● **What to work on**: Every record must appear in your copy exactly as written, with no pictures.

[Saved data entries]

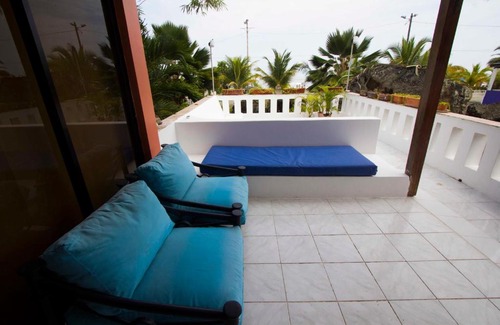 Atacames Bed & Breakfast | Casa El Morro Atacames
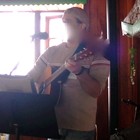 Picture for song 'Blue Texas Sky' by artist 'Kenny Holcomb'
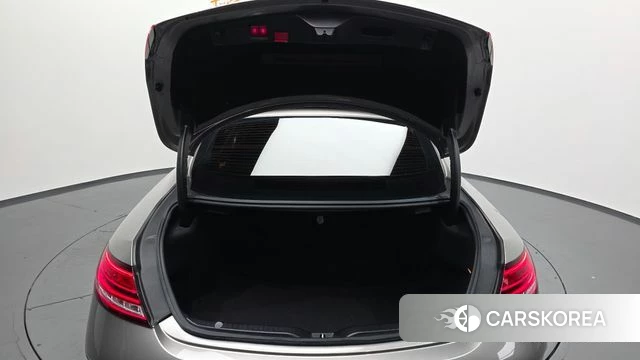 Mercedes-Benz C-Class W205 id 4746279 из Кореи 11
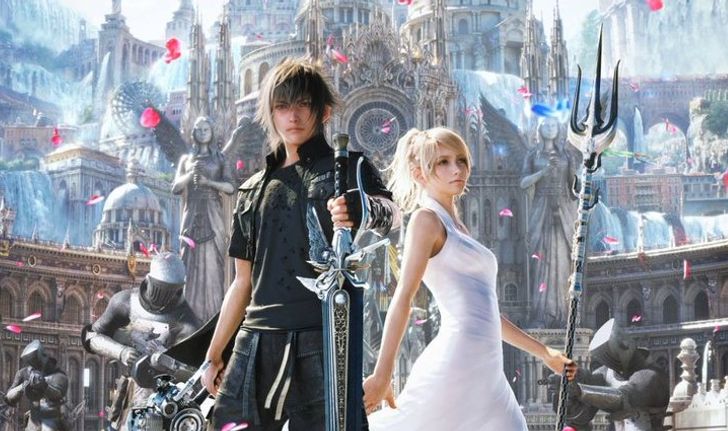 ข่าวดีเกม Final Fantasy 15 จะมีฉากจบใหม่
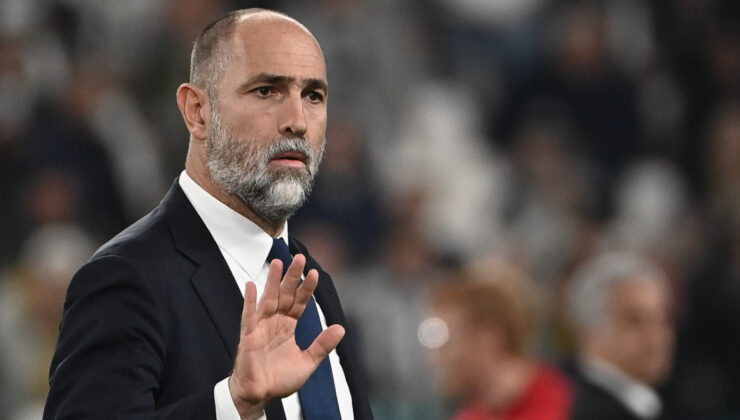 Tottenham Hotspur’da Sürpriz Hamle: Igor Tudor Sezon Sonu Kadar Görevde!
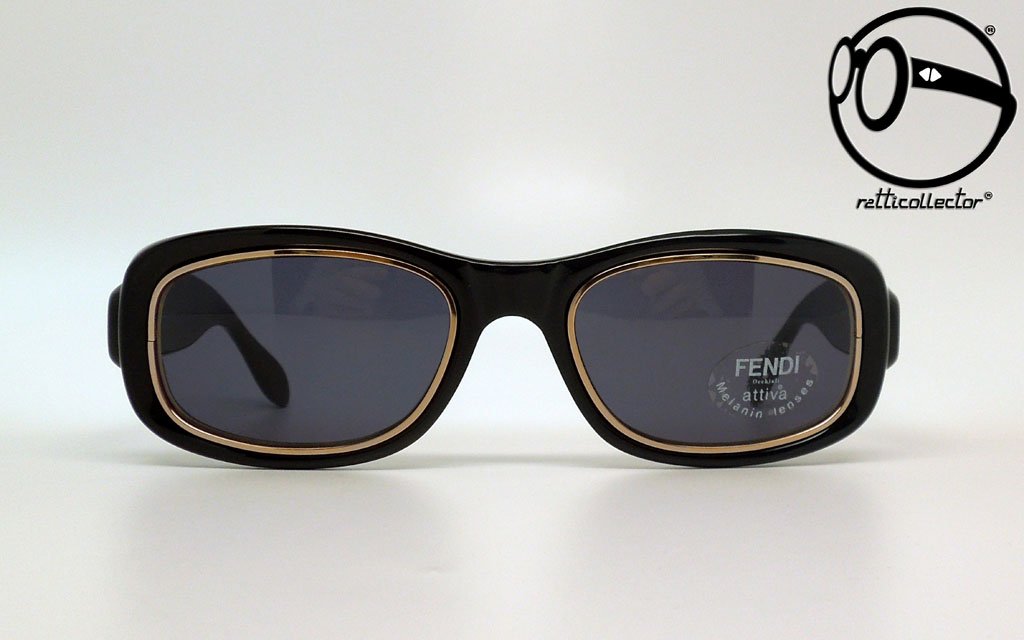 Fendi top vintage sunglasses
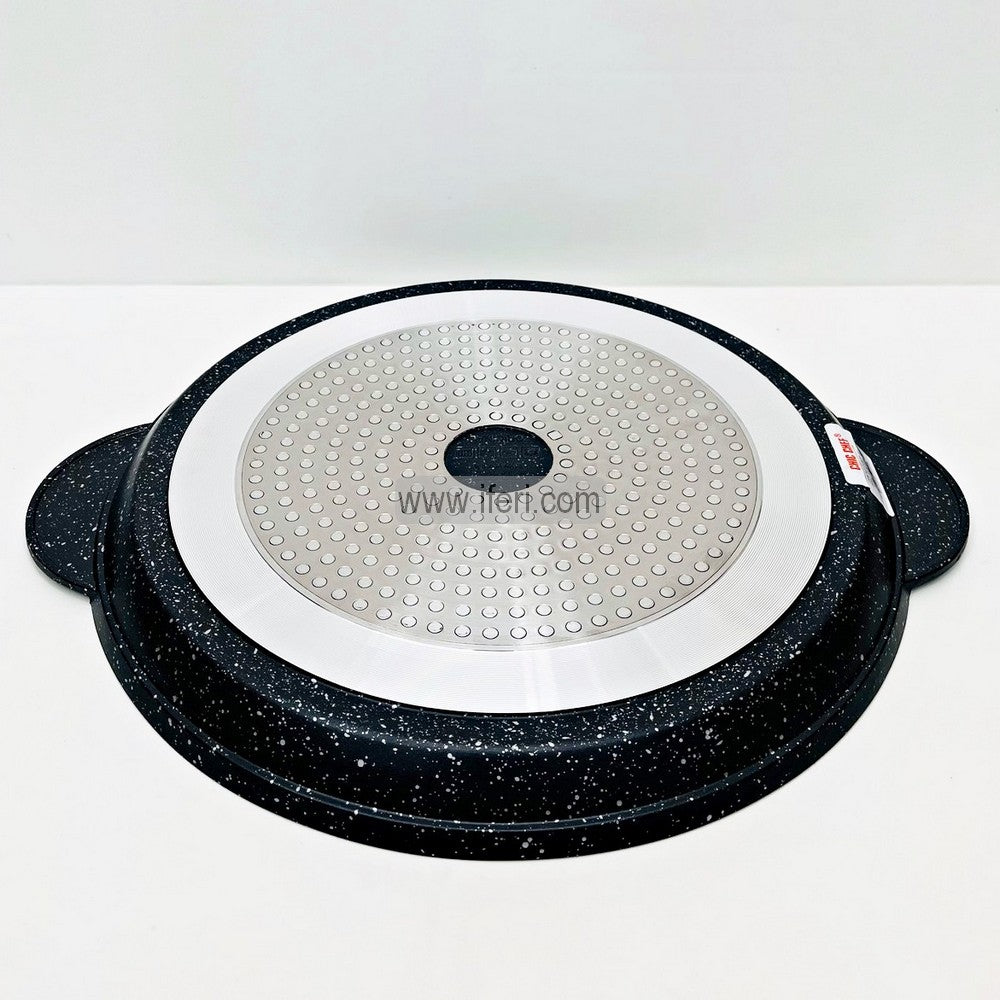 36cm Non-Stick Seafood Pan / Karai TG10642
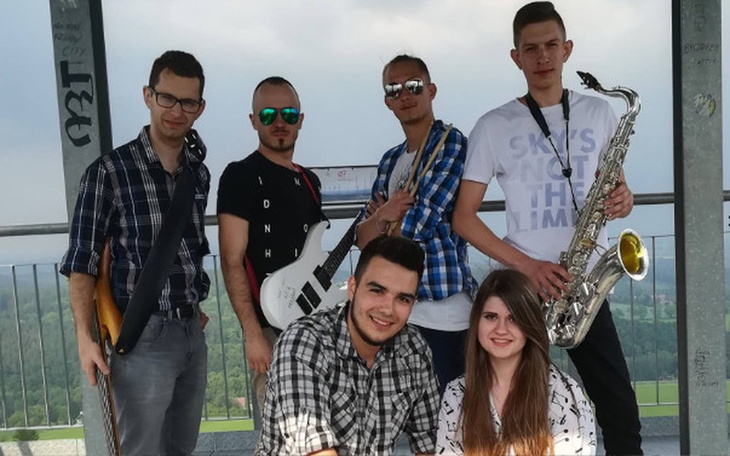 Zbiórka Osprzęt perkusyjny dla  Only-M - zdjęcie główne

● **Solution for this exercise**:
 Atacames Bed & Breakfast | Casa El Morro Atacames
 Picture for song 'Blue Texas Sky' by artist 'Kenny Holcomb'
 Mercedes-Benz C-Class W205 id 4746279 из Кореи 11
 ข่าวดีเกม Final Fantasy 15 จะมีฉากจบใหม่
 Tottenham Hotspur’da Sürpriz Hamle: Igor Tudor Sezon Sonu Kadar Görevde!
 Fendi top vintage sunglasses
 36cm Non-Stick Seafood Pan / Karai TG10642
 Zbiórka Osprzęt perkusyjny dla  Only-M - zdjęcie główne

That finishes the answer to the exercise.